Como aumentar as receitas do Panelinha?
Você pode multiplicar os ingredientes principais das receitas, mas nunca deve multiplicar igualmente: sal, especiarias, ervas, água e outros líquidos. Para esses, vá checando ao longo do cozimento a quantidade necessária.
No caso dos legumes aromáticos, como cebola e alho, também não precisa multiplicar. Em vez de multiplicar, por exemplo, por 2, pode multiplicar por 1,5.
Adapte receitas
Algumas receitas muito boas para mandar na marmita levam vinho ou cachaça, é o caso do pernil na panela de pressão ou da carne de panela desfiada. Nesses casos, troque por água. Além de encarecer a receita, esses ingredientes podem ser uma questão para a saúde de quem recebe a marmita. Você também pode pensar em substituições para ingredientes que sejam mais caros. Por exemplo, a omelete de forno de alho-poró fica uma delícia preparada com cebola.
Como porcionar
O jeito mais fácil de porcionar comida em grande quantidade para muitas marmitas é usar uma medida específica para cada receita. Se tiver dificuldade monte um prato de referência para checar antes de estabelecer a medida. Exemplo: para o arroz, 2 colheres de servir arroz/ou a colher grande da minha casa; para o feijão: 2 conchas e assim por diante.
Perguntamos para a Sil como é a reação de quem recebe essas marmitas.
"As pessoas que recebem agradecem muito, sempre. Falam de amor e mandam bênçãos a toda a rede envolvida no trabalho. Mas o que mais chama atenção é a solidariedade.
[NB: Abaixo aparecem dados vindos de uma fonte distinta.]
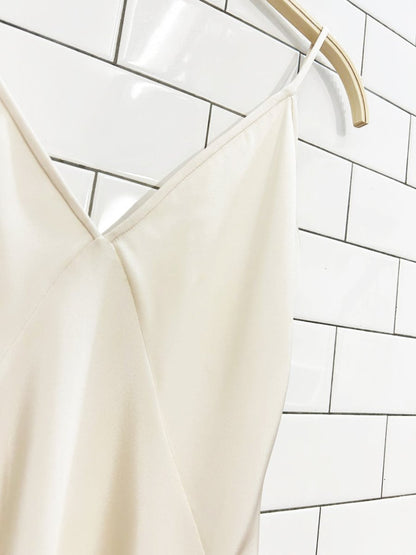 satin cream lace trim silk - lined slip dress - good market thrift store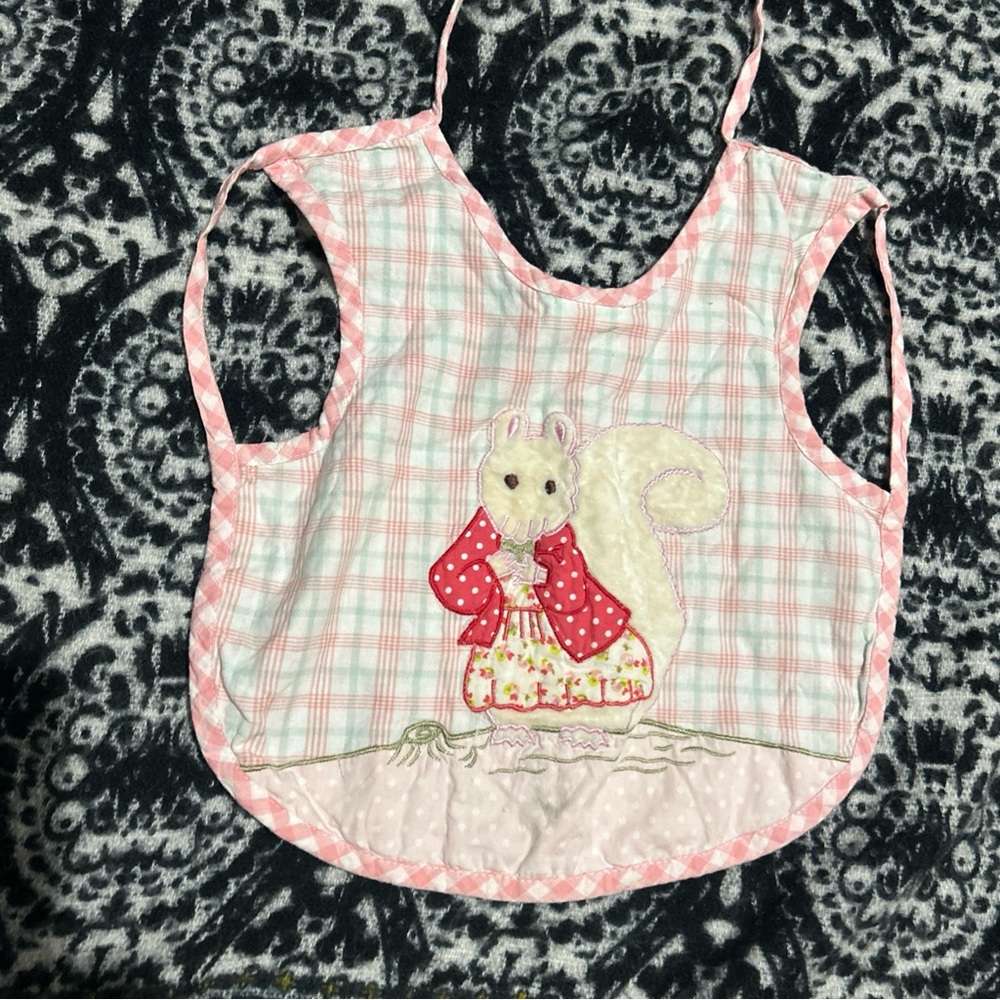Vintage pink  Plaid Baby Bib with Squirrel Appliqué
As pessoas em situação de insegurança alimentar nunca pedem comida 'pra depois', elas pedem mais uma marmita pensando em outra pessoa que também pode comer."
Não consegue cozinhar, mas quer ajudar?
Você pode também doar alimento ou dinheiro para organizações que cozinham e distribuem alimentos. A doação em dinheiro é importante para manter os projetos em pé.